* _To do_
Your reply should consist only of the lines from the one holding "Drawing Room Only: A" to the last line of the data below, written out exactly and without pictures.

* _Extracted data_
==========

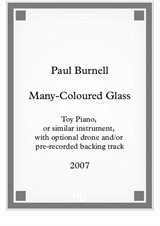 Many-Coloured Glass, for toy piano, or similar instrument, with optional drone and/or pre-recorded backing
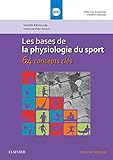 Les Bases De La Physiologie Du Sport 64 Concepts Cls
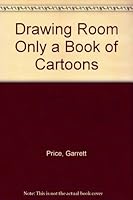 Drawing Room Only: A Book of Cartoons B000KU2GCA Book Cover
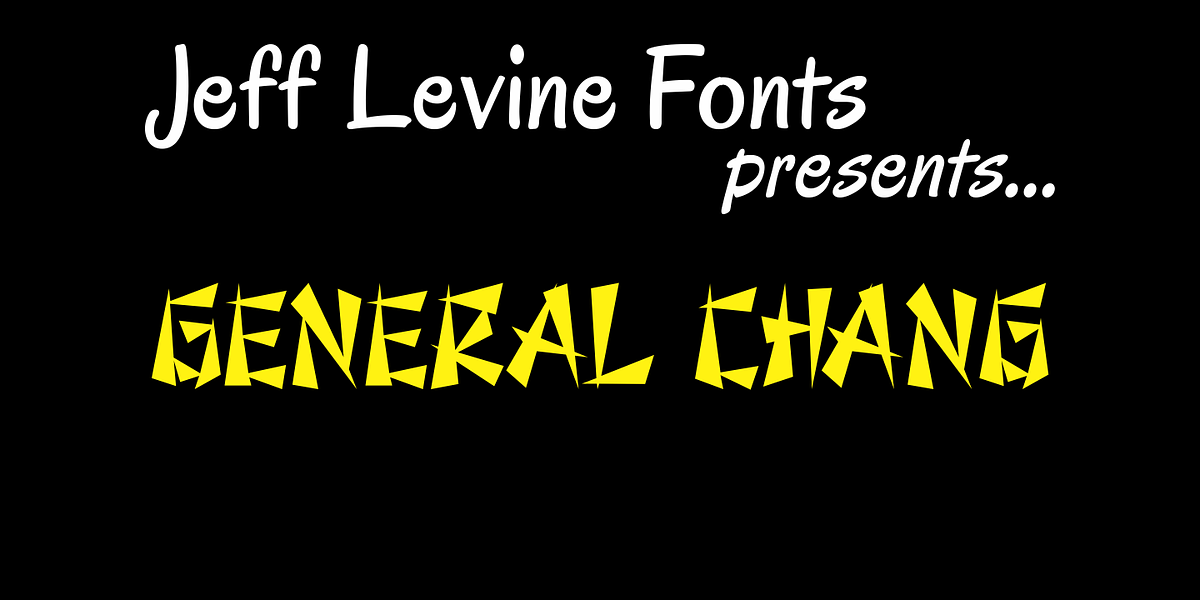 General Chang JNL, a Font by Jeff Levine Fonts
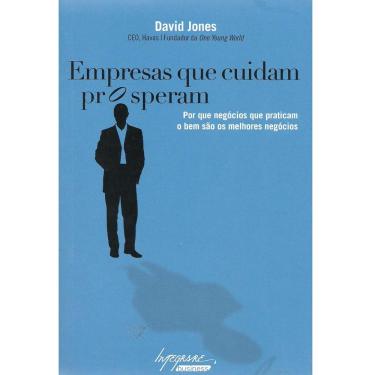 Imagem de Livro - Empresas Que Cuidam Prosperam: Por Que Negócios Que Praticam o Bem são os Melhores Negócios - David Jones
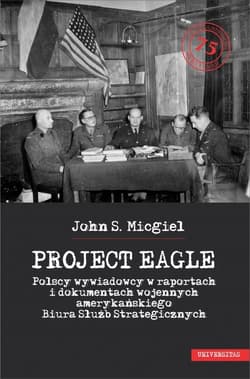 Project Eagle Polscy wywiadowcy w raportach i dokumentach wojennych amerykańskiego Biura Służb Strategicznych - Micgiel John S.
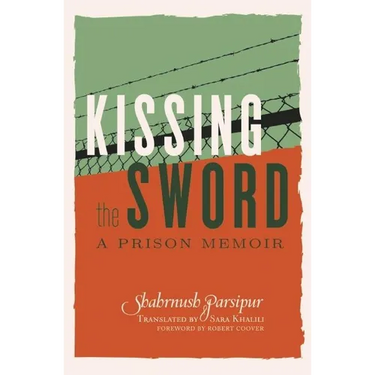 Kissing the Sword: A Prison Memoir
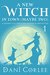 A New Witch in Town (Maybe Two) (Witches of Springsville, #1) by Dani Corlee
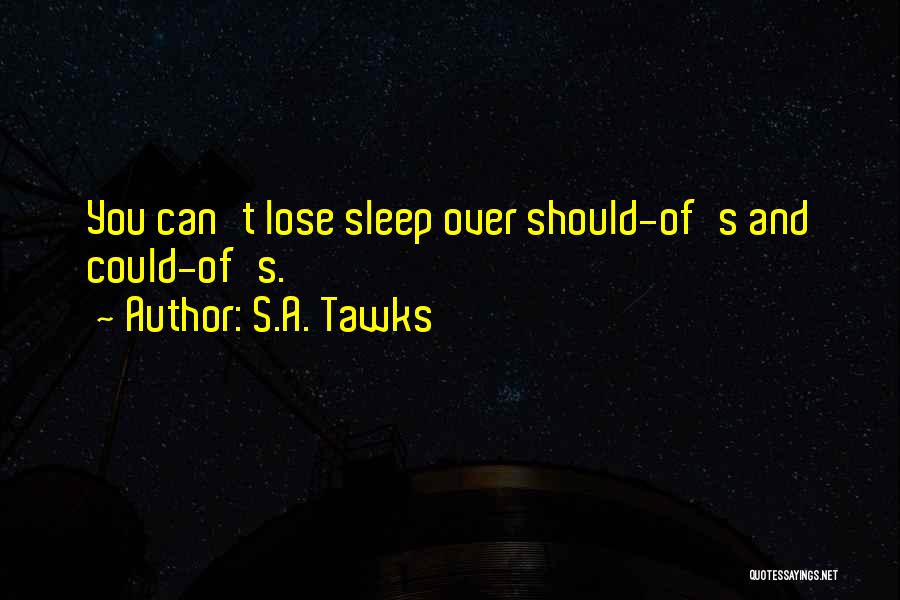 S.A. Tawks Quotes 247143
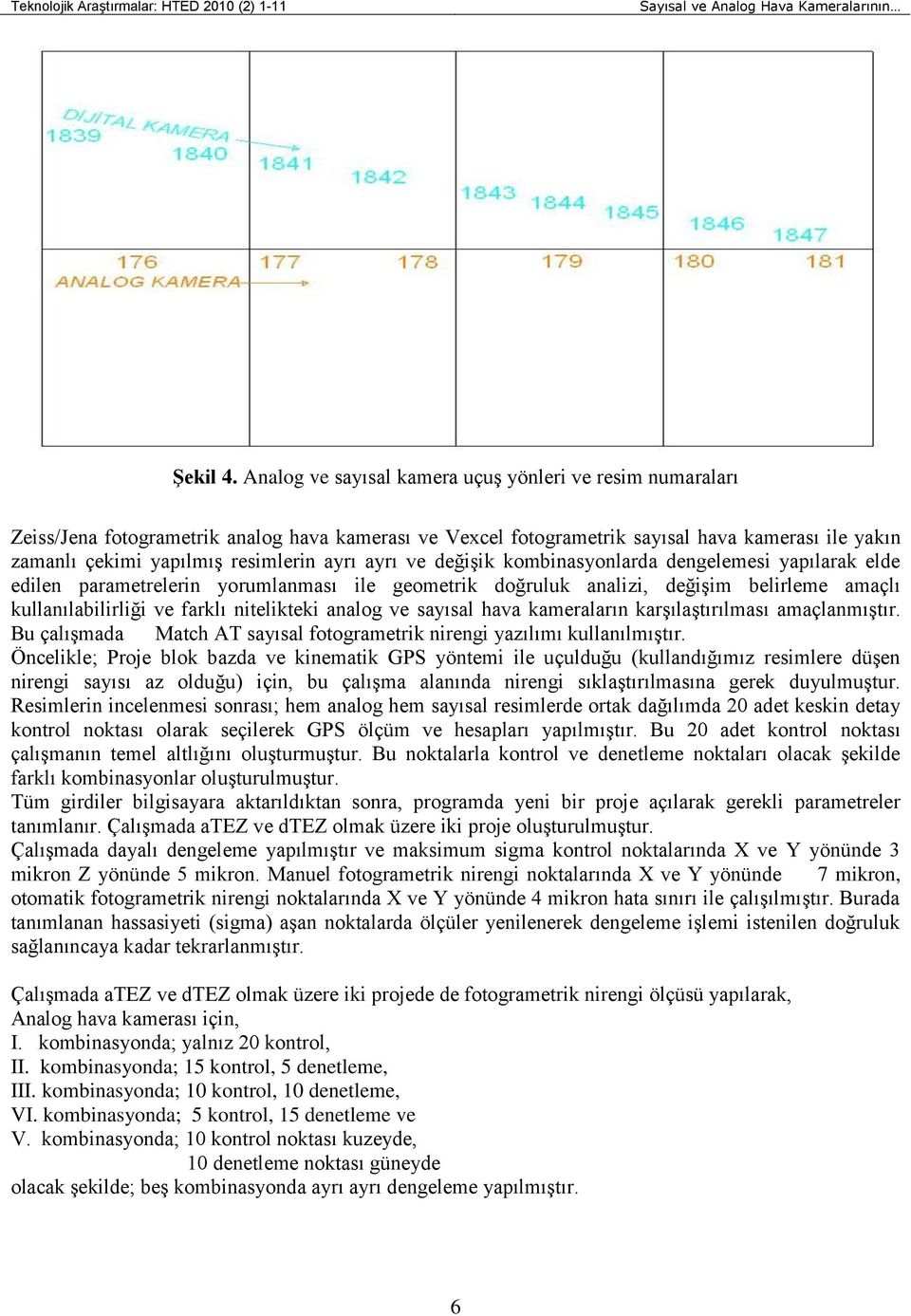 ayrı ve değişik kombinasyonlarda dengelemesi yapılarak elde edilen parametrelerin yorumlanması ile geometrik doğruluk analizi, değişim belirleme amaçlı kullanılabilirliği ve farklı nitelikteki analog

==========

* _Result of the task_
 Drawing Room Only: A Book of Cartoons B000KU2GCA Book Cover
 General Chang JNL, a Font by Jeff Levine Fonts
 Imagem de Livro - Empresas Que Cuidam Prosperam: Por Que Negócios Que Praticam o Bem são os Melhores Negócios - David Jones
 Project Eagle Polscy wywiadowcy w raportach i dokumentach wojennych amerykańskiego Biura Służb Strategicznych - Micgiel John S.
 Kissing the Sword: A Prison Memoir
 A New Witch in Town (Maybe Two) (Witches of Springsville, #1) by Dani Corlee
 S.A. Tawks Quotes 247143
 ayrı ve değişik kombinasyonlarda dengelemesi yapılarak elde edilen parametrelerin yorumlanması ile geometrik doğruluk analizi, değişim belirleme amaçlı kullanılabilirliği ve farklı nitelikteki analog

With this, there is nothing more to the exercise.